M. le président : ... Nous nous sommes arrêtés hier aux dispositions additionnelles proposées après l’article 35 qui a été voté.
    Le premier est de M. Rudelle qui est ainsi conçu :
    « Les jeunes gens qui, antérieurement à la promulgation de la présente loi, auront, à titre d’élèves ecclésiastiques, été envoyés en congé dans leurs foyers après un an de présence sous les drapeaux, seront définitivement dispensés de tout service dans l’armée à la condition de justifier qu’à l’âge de vingt-six ans ils remplissaient l’emploi de ministre d’un culte rétribué par une association déclarée constituée conformément aux dispositions des articles 16 et suivants. »

M. Rudelle :  J’ai considéré que la disposition additionnelle ... était absolument indispensable pour régler une situation inextricable puisque, par suite de la substitution de la loi de 1905 sur le recrutement à la loi de 1889 et par suite de la séparation des Églises et de l’État, toute une catégorie de citoyens qui avaient été appelés à contribuer au service militaire, par suite d’un véritable contrat dans des conditions spéciales, allaient se trouver désormais dans une situation indéterminée. La commission l’a du reste compris ..... [puisque] la rédaction que j’ai proposée était acceptée et allait figurer dans la loi comme article 35 bis.
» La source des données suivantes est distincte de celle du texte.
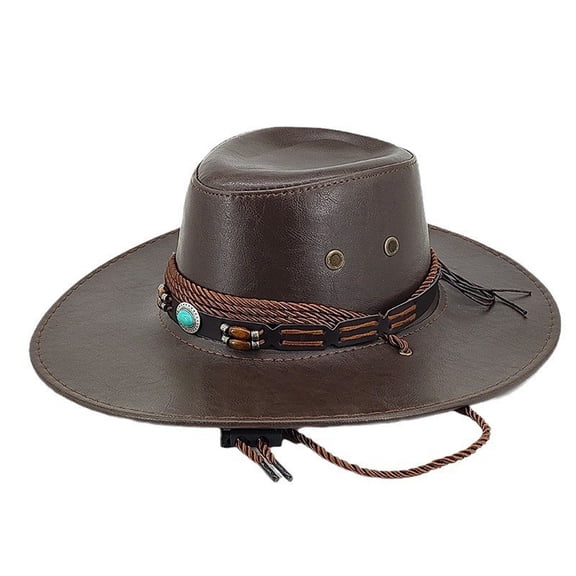 AirLoni Leather Cowboy Hat For Men & Women Unisex Wide Brim Western Style Hats With Beaded Solid Color One Size 1 pc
M. Aristide Briand, rapporteur : .... Nous demandons seulement à la Chambre et à M. Rudelle ... de vouloir bien accepter le texte dont je vais donner lecture à la Chambre :
    « Les jeunes gens, qui ont obtenu à titre d'élèves ecclésiastiques la dispense prévue par l'article 23 de la loi du 15 juillet 1889, continueront à en bénéficier conformément à l'article 99 de la loi du 21 mars 1905, à la condition qu'à l'âge de vingt-six ans ils soient pourvus d'un emploi de ministre du culte rétribué par une association cultuelle et sous réserve des justifications qui seront fixées par un règlement d'administration publique. »
(La disposition additionnelle mise aux voix est adoptée)

M. le président : Il y a deux autres dispositions additionnelles, qui se confondent, l’une de M. César Trouin, et l’autre de M. Albin Rozel, relatives toutes deux à l’application de la loi à l’Algérie.
.....
    Je mets aux voix le texte proposé par M. le rapporteur, et qui est ainsi conçu :
    « Des règlements d'administration publique détermineront les conditions dans lesquelles la présente loi sera applicable en Algérie et aux colonies. »
    Ce texte donne également satisfaction à un amendement de MM. Clément, Gerville-Réache et Ursleur .....
(La disposition, mise aux voix, est adopté.)
    Cette disposition deviendra l’article 35 ter.
    Une autre disposition additionnelle présentée par M. Dubuisson, est libellée en ces termes:
    « La présente loi ne pourra recevoir aucune application avant le 1er janvier 1907. (Exclamations à droite. )

M. Dubuisson : .... C’est pour permettre à nos successeurs d’examiner s’il ne conviendrait pas d’abroger cette loi avant son application. ....
    Le texte de la loi sera connu, chacun aura pu peser les avantages et les inconvénients et les électeurs sauront à l’occasion du renouvellement de la Chambre faire connaître leur volonté . (Applaudissements au centre et à droite)
(L’amendement, mis aux voix, n’est pas adopté.)
....
M. le président : Nous passons à [la disposition additionnelle] de M. Albert-Le-Roy, qui est ainsi conçue:
    « Les ministres des cultes sont inéligibles dans la circonscription ecclésiastique où ils exercent leurs fonctions .» (Exclamations à droite.)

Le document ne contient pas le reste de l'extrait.